**Your assignment:**
From the line that contains "Green chrysanthemum" down to the final line of the listing below, set down every line exactly, both ends included, and drop the pictures.

**Dataset content:**
===

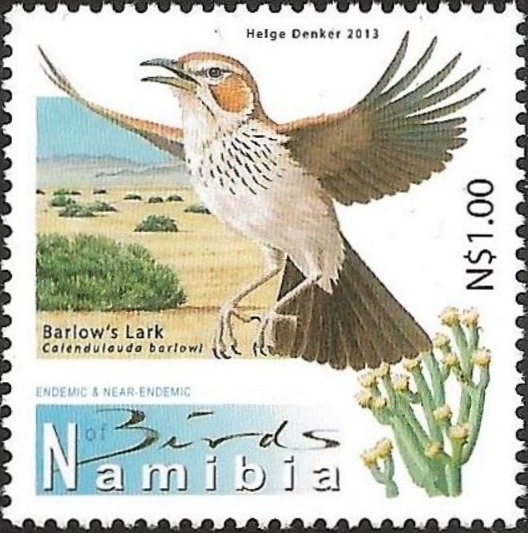 Barlow's Lark (Calendulauda barlowi)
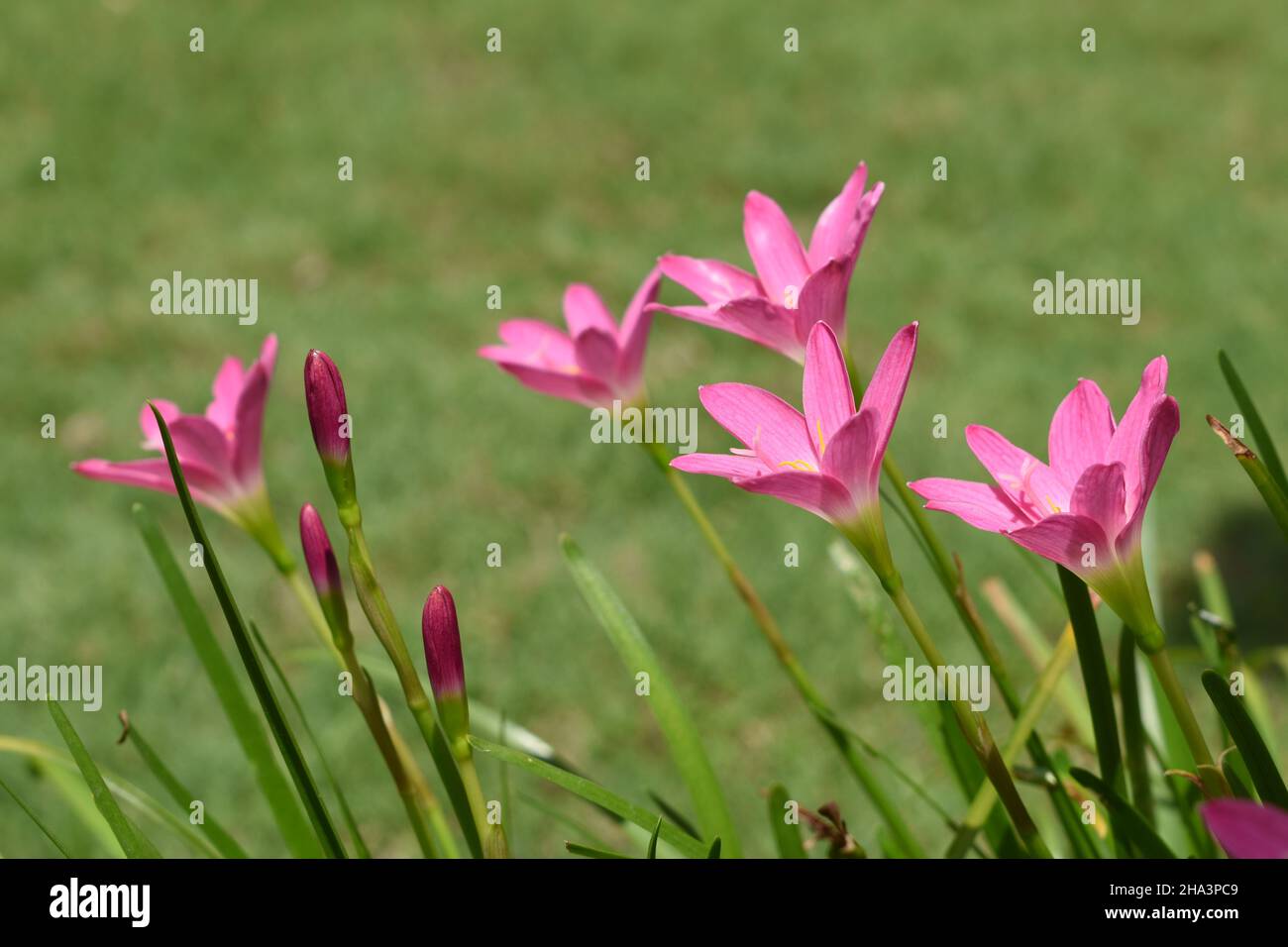 Pink rain lilies isolated on a green background. Stock Photo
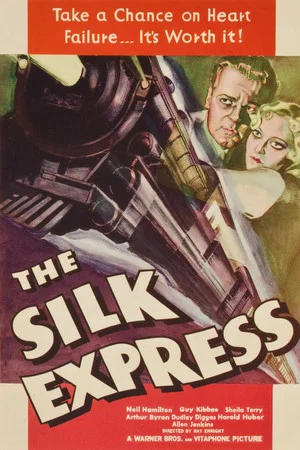 Постер: The Silk Express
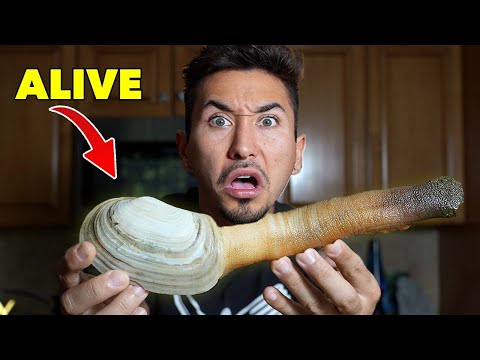 Eating Weird Things I Ordered Online… (LIVE GEODUCK)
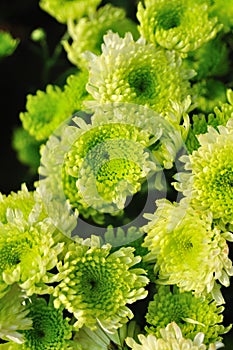 Green chrysanthemum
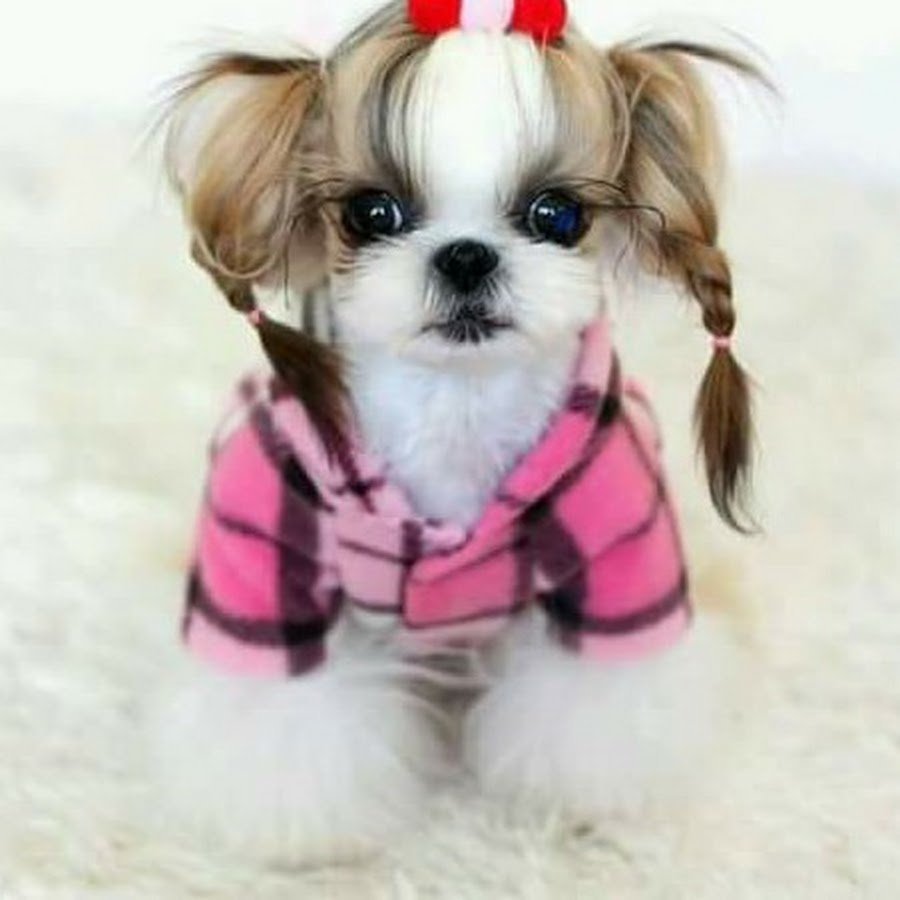 Собака маленькая ши тцу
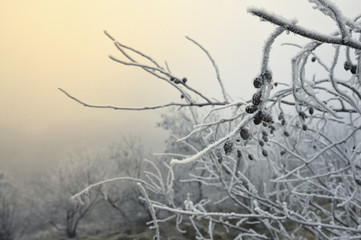 Frosty Winter Morning Landscape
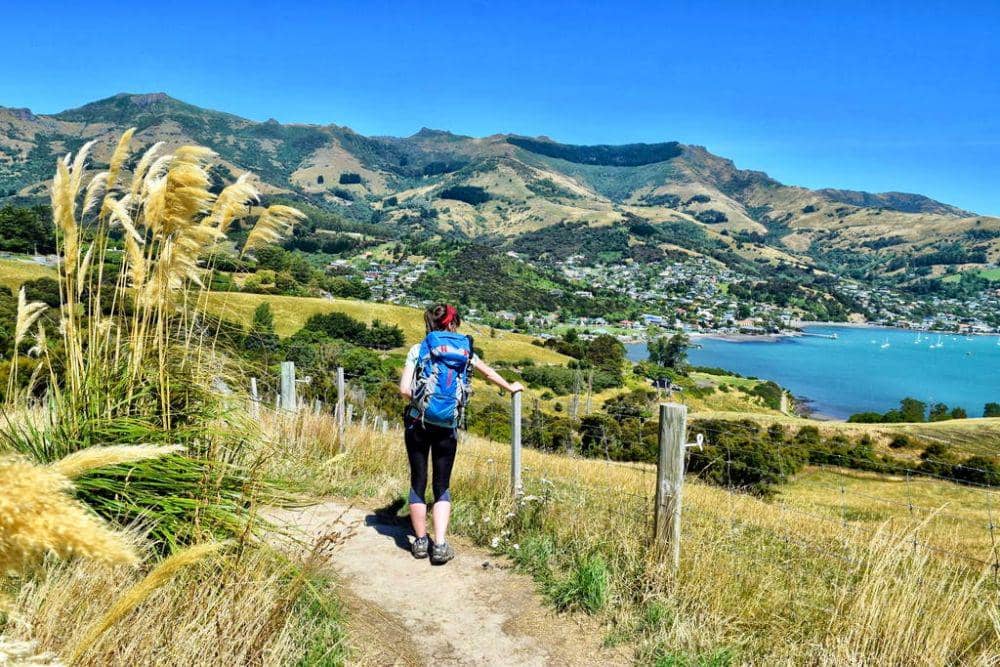 backpackerguide.nz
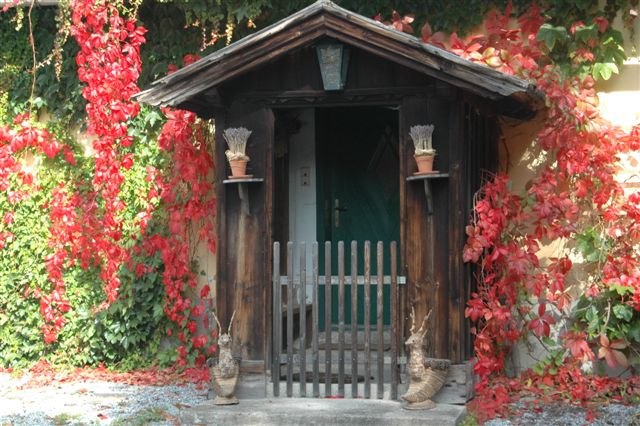 Eingang, © SSz Eingang, © SSz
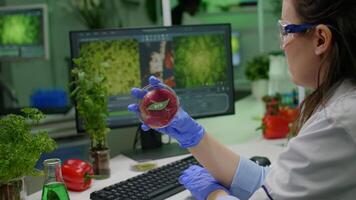 Chemist researcher holding petri dish with vegan meat in hands while typing genetic mutation on computer. Scientist researcher examining food genetically modified using chemical substance working in microbiology laboratory video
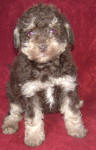 Phantom Schnoodle Puppies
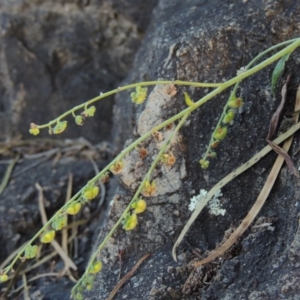 Cynoglossum australe at Tennent, ACT - 18 Feb 2015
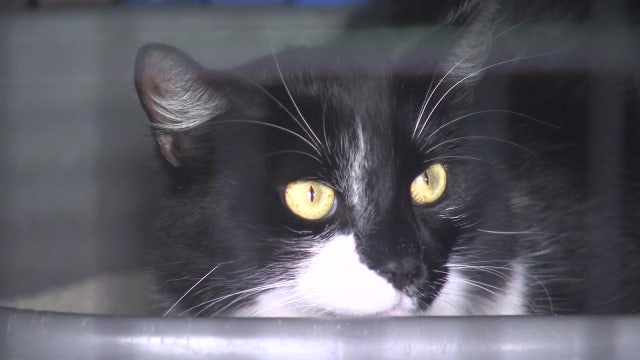 Multiple cats shot in Town 'N' Country mobile home community in the last year and a half, rescue group says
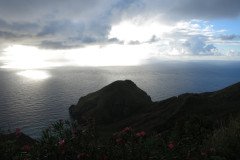 IMG_0547-.Medium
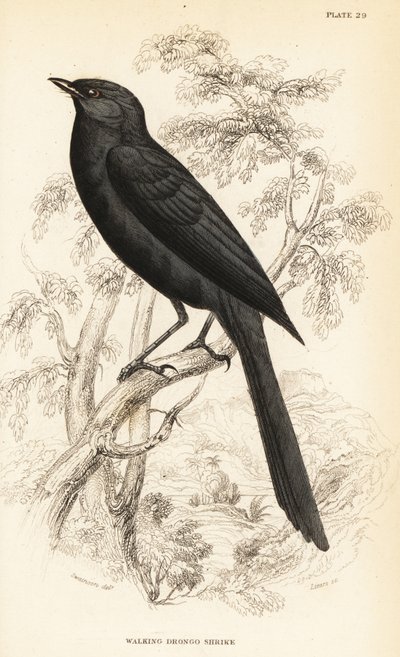 Northern black-flycatcher by William Home Lizars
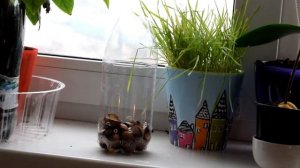 Как посадить косточку авокадо в землю? / luchek_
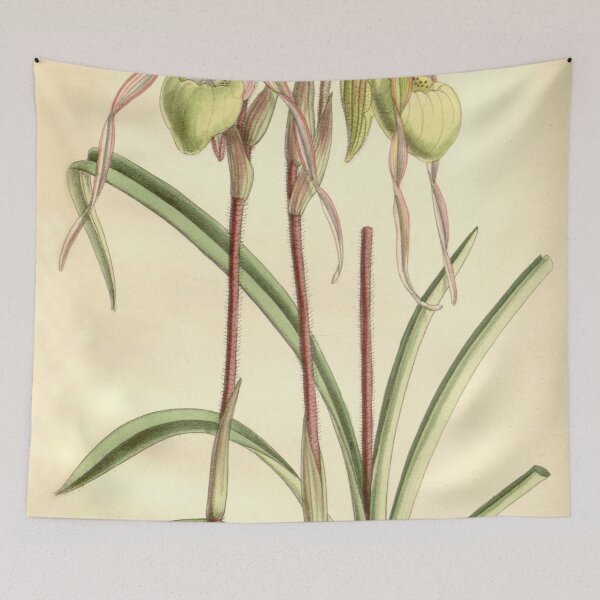 Item preview, Phragmipedium klotzschianum (as Cypripedium klotzschianum) Curtis' 117 (Ser. 3 no. 47) pl. 7178 (1891) designed and sold by EsotericBotanic.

===

**Exercise result:**
 Green chrysanthemum
 Собака маленькая ши тцу
 Frosty Winter Morning Landscape
 backpackerguide.nz
 Eingang, © SSz Eingang, © SSz
 Chemist researcher holding petri dish with vegan meat in hands while typing genetic mutation on computer. Scientist researcher examining food genetically modified using chemical substance working in microbiology laboratory video
 Phantom Schnoodle Puppies
 Cynoglossum australe at Tennent, ACT - 18 Feb 2015
 Multiple cats shot in Town 'N' Country mobile home community in the last year and a half, rescue group says
 IMG_0547-.Medium
 Northern black-flycatcher by William Home Lizars
 Как посадить косточку авокадо в землю? / luchek_
 Item preview, Phragmipedium klotzschianum (as Cypripedium klotzschianum) Curtis' 117 (Ser. 3 no. 47) pl. 7178 (1891) designed and sold by EsotericBotanic.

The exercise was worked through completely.